[Task data — start]

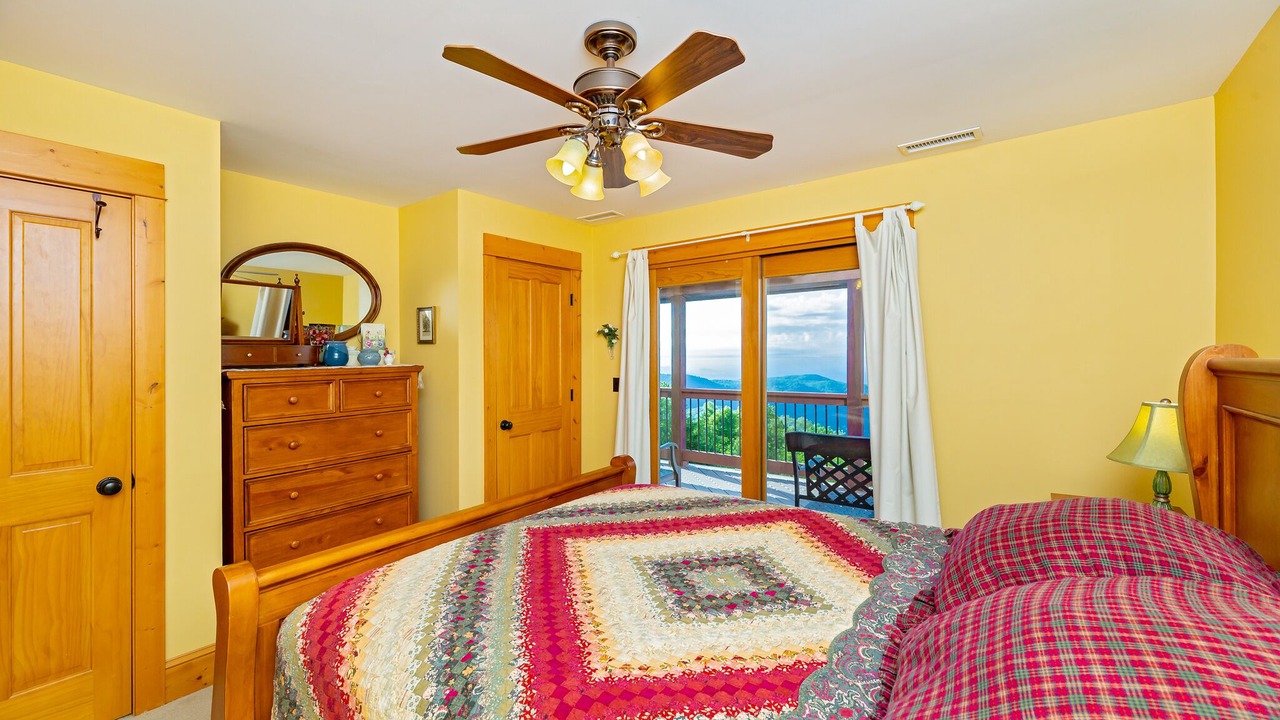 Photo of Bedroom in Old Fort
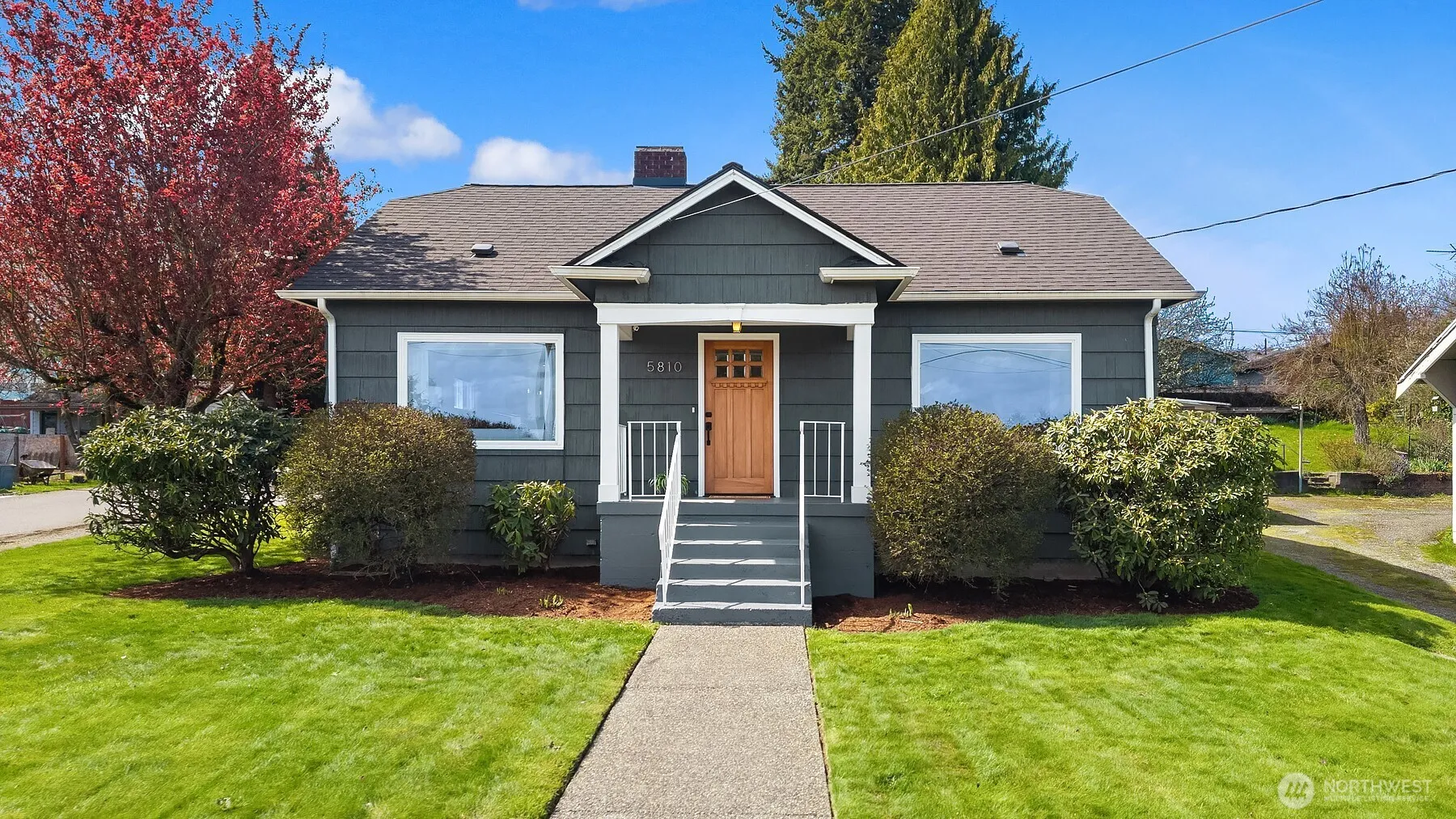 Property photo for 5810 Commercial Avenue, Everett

[Task data — finish]
[Task data — start]

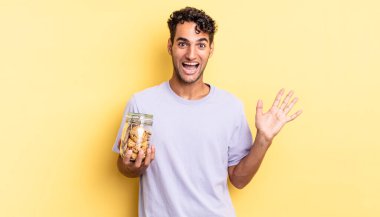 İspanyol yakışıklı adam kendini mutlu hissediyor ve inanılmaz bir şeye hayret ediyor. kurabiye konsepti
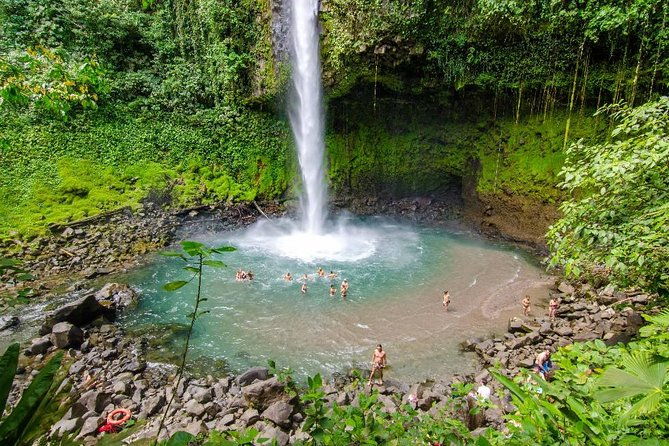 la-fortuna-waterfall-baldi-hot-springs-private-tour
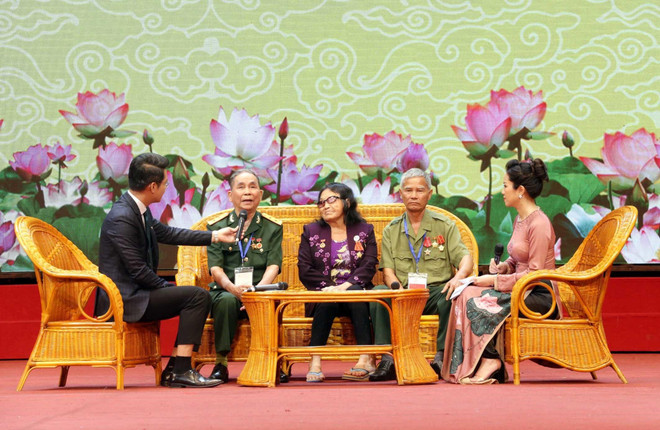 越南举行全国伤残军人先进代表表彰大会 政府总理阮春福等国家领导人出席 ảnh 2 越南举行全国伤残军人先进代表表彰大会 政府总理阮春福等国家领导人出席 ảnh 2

[Task data — finish]

### Required work
Respond with the exact lines above running from the one containing "la-fortuna-waterfall-baldi-hot-springs-private-tour" to the one containing "越南举行全国伤残军人先进代表表彰大会 政府总理阮春福等国家领导人出席 ảnh 2 越南举行全国伤残军人先进代表表彰大会", both ends kept and no pictures included.

### Your solution
 la-fortuna-waterfall-baldi-hot-springs-private-tour
 越南举行全国伤残军人先进代表表彰大会 政府总理阮春福等国家领导人出席 ảnh 2 越南举行全国伤残军人先进代表表彰大会 政府总理阮春福等国家领导人出席 ảnh 2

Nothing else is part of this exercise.